■ **WHAT YOU SHOULD DO**
Whatever follows the line containing "Anti-UBA3 antibody produced in rabbit" in the listing below should be printed exactly, along with that line itself.

■ **AVAILABLE DATA**
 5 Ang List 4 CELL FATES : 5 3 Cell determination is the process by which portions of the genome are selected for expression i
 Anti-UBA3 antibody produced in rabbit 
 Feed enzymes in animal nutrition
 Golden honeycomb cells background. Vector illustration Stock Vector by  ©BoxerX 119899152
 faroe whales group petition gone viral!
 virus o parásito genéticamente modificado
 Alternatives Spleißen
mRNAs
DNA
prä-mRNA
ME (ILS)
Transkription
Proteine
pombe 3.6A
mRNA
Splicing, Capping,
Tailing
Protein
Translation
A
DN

■ **RESPONSE TO THE TASK**
 Anti-UBA3 antibody produced in rabbit 
 Feed enzymes in animal nutrition
 Golden honeycomb cells background. Vector illustration Stock Vector by  ©BoxerX 119899152
 faroe whales group petition gone viral!
 virus o parásito genéticamente modificado
 Alternatives Spleißen
mRNAs
DNA
prä-mRNA
ME (ILS)
Transkription
Proteine
pombe 3.6A
mRNA
Splicing, Capping,
Tailing
Protein
Translation
A
DN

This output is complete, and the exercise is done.